AK Parti yeni bir siyasal oluşum doğurdu!

Demokrasi ve Atılım Partisi; kısa adı DEVA…

Daha kurulur kurulmaz çokbilmişler, sahiplerine yaranmak isteyenler kestirip attı:

“Bu partiden bir şey olmaz!”

Ne zaman incelediniz de bu kadar derin analiz (!) yaptınız?

Kurulduğunda İYİ Parti için de aynı şeyi söylemiyor muydunuz?

Ne oldu, Meral Akşener’i seçime sokmamak için bin türlü numara çevrilmesine göz yumdunuz; CHP demokrasi için 15 milletvekili verince de iftiraları sıraladınız!

Sonuç, İYİ Parti TBMM’ye 43 milletvekili ile girdi.

***

Bu tiplere demokrasi nedir diye sormak isterim?

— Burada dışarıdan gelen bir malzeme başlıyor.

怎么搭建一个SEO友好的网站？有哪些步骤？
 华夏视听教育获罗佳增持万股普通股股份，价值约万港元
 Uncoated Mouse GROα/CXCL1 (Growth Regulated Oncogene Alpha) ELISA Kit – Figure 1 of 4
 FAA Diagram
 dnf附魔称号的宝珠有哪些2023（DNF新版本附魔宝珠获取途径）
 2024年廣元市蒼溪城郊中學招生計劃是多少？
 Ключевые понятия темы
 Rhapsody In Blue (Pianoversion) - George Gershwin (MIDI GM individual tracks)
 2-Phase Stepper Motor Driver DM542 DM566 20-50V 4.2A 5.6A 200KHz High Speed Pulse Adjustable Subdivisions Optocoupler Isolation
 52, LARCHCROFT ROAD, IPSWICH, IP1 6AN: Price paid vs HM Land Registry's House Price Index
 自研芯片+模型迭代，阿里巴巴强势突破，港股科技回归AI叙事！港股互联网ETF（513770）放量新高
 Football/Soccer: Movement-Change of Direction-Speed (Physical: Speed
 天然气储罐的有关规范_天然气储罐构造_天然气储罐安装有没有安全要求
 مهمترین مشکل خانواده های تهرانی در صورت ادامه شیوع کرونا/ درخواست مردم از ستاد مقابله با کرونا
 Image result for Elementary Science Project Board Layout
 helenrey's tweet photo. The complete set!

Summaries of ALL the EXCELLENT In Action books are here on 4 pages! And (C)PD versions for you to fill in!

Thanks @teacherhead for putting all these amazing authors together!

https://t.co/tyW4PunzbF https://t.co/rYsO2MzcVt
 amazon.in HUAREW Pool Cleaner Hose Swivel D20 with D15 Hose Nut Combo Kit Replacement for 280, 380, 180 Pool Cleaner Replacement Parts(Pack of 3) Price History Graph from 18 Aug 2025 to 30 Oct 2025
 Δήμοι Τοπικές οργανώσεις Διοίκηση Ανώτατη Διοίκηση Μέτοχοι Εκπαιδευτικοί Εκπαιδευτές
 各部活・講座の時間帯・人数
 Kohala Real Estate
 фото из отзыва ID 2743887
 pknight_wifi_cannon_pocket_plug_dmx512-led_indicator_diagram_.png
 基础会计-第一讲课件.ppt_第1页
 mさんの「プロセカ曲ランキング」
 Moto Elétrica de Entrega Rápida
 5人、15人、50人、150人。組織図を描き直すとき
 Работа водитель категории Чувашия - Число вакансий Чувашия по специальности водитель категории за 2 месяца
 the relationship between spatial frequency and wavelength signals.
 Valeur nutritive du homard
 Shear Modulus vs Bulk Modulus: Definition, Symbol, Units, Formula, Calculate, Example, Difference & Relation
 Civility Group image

Çok sesli, çok renkli bir toplum oluşturmak, farklı düşüncelerin kendilerini temsil edebilecekleri yapılar kurmak değil midir demokrasi?

***

Genel Başkan Ali Babacan’ı pazartesi günü Fox Televizyonu’nda izledim.

Demokrasiden, şeffaflıktan, basın ve ifade özgürlüğünden, bazı gazetecilere tecrit uygulandığından, liyakat yerine sadakatin ön plana çıktığından, KPSS sınavından çok mülakatın geçerli olmasının yanlışlığından, inşaat rantı yerine sanayileşmeden, ihracattan, ekonominin temel güvencesi hukuktan söz etti.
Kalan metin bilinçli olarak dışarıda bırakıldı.